Lessons from other countries provide some indication of what to expect at restaurants. For Starbucks, where same-store sales in China were down 90% in mid-February, sales improved steadily week after week. By late March, they were down 42%—an improvement, but still down.

Yum China, which operates mostly KFC and Pizza Hut locations in the country, said in late March that traffic was “recovering slowly” but “remains well below pre-outbreak levels.”

While there might be some pent-up demand, and Americans with stimulus dollars are clearly spending some of them at restaurants, there is also a continued fear of a virus that has killed about 50,000 Americans. As long as that virus is out there, a certain percentage of customers will be reticent to return to normal.

“Even if there’s a cure, we’ll still do this,” Ilaria said. “It’s only when there’s a vaccine and we have 100% compliance that we’ll be able to relax some of these” operational changes.

Another question is the economy. While the stimulus dollars are helping, they won’t last forever, and well over 20 million Americans lost their jobs recently. Not all of them will return to work.

“What are we coming back to?” Ilaria said. “Will we be in a deep recession? Those are the knock-on effects we haven’t had time to talk about.”

“If we can survive a Chapter 7 bankruptcy, we can survive this. It’s just another bump in the road. We’ll come out the other side stronger.” 

—Paul Mangiamele, Legendary Brands

What if restaurants have to close again?

And then there’s this: Restaurants might have to close again.

For one thing, reopening could be premature—President Trump himself has questioned the timing of Georgia’s reopening, for instance. Reopening only to see a quick return of the virus that forces further closures would be a problem.

There’s also the fact that many experts expect the virus to make a comeback this fall. Many believe that restaurants should have a plan to address rolling shutdowns in various markets and states if the virus starts spreading again.

That’s also expensive. Every operator we spoke with said closing again after reopening would be a costly venture. “It would be very difficult and costly to reopen only to close again,” Mangiamele said.

But operators are an optimistic bunch. The rapid-fire closings that took place in March gave the industry a giant training exercise. Many believe they’ll be better prepared if closings happen again.

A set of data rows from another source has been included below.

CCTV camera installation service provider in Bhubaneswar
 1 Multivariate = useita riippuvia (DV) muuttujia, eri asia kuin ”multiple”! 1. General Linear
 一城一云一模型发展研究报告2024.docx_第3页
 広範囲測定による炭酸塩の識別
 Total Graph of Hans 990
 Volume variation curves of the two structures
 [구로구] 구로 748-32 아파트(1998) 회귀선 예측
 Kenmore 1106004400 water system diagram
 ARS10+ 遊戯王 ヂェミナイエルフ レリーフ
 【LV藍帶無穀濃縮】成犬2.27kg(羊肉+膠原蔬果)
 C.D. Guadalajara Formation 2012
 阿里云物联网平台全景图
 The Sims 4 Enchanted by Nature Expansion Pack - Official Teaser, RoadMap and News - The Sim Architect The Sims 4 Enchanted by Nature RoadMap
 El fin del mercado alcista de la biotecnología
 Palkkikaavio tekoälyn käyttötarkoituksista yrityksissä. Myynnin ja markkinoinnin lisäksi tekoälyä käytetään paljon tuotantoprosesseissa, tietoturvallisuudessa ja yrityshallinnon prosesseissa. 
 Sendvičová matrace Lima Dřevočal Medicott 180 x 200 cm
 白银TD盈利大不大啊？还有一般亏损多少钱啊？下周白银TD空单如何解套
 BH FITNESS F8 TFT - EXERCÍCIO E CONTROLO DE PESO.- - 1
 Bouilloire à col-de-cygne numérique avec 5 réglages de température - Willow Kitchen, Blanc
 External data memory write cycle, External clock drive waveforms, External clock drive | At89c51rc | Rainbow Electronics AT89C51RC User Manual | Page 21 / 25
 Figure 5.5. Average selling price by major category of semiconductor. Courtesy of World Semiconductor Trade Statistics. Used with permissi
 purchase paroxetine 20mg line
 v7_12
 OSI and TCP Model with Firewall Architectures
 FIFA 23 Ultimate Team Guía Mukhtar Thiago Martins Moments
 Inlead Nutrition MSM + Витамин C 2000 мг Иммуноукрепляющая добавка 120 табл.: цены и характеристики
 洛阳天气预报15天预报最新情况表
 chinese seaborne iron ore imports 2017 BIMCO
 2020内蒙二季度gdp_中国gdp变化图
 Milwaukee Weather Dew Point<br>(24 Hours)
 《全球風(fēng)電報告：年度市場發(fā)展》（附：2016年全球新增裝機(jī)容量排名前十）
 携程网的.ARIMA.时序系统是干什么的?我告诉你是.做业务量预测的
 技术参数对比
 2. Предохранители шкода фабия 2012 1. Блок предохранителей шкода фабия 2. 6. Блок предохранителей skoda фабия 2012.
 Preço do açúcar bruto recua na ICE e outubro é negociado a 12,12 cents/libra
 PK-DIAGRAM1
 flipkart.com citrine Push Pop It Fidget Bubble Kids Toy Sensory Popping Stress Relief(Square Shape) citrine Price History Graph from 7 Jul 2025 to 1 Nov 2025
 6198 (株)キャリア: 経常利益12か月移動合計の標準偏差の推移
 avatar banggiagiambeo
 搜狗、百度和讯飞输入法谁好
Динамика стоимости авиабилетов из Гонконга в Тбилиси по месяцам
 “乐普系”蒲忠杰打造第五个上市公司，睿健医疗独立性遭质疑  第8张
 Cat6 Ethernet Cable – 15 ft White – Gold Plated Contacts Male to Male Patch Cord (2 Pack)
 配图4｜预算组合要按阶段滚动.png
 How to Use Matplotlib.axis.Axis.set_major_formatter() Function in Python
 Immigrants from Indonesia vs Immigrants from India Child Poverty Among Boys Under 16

“If there’s any silver lining, it’s that if it does occur, we’ll know quickly how to respond to those,” Richardson of Eggs Up Grill said. “There will be less scrambling because we’ll have those processes.”

Indeed, Ilaria said Florida alone provided a lesson to Uno about a fast closing, making his company better prepared now than it was last month.

“When Florida closed, they gave us only five hours to close,” Ilaria said. “They sent a press release at 3 p.m. We had to close at 8 p.m. We had to turn around trucks that were going to deliver full orders because we wouldn’t have a full menu. It was a baptism of fire.”

Mostly, operators are keeping faith that the reopening will start getting them back to normal. And they’re confident in their ability to get through this period. For a business like Legendary Restaurant Company, whose concepts survived a near-death experience more than a decade ago, the current shutdown seems a cake walk.

“If we can survive a Chapter 7 bankruptcy, we can survive this,” Mangiamele said. “It’s just another bump in the road. We’ll come out the other side stronger.”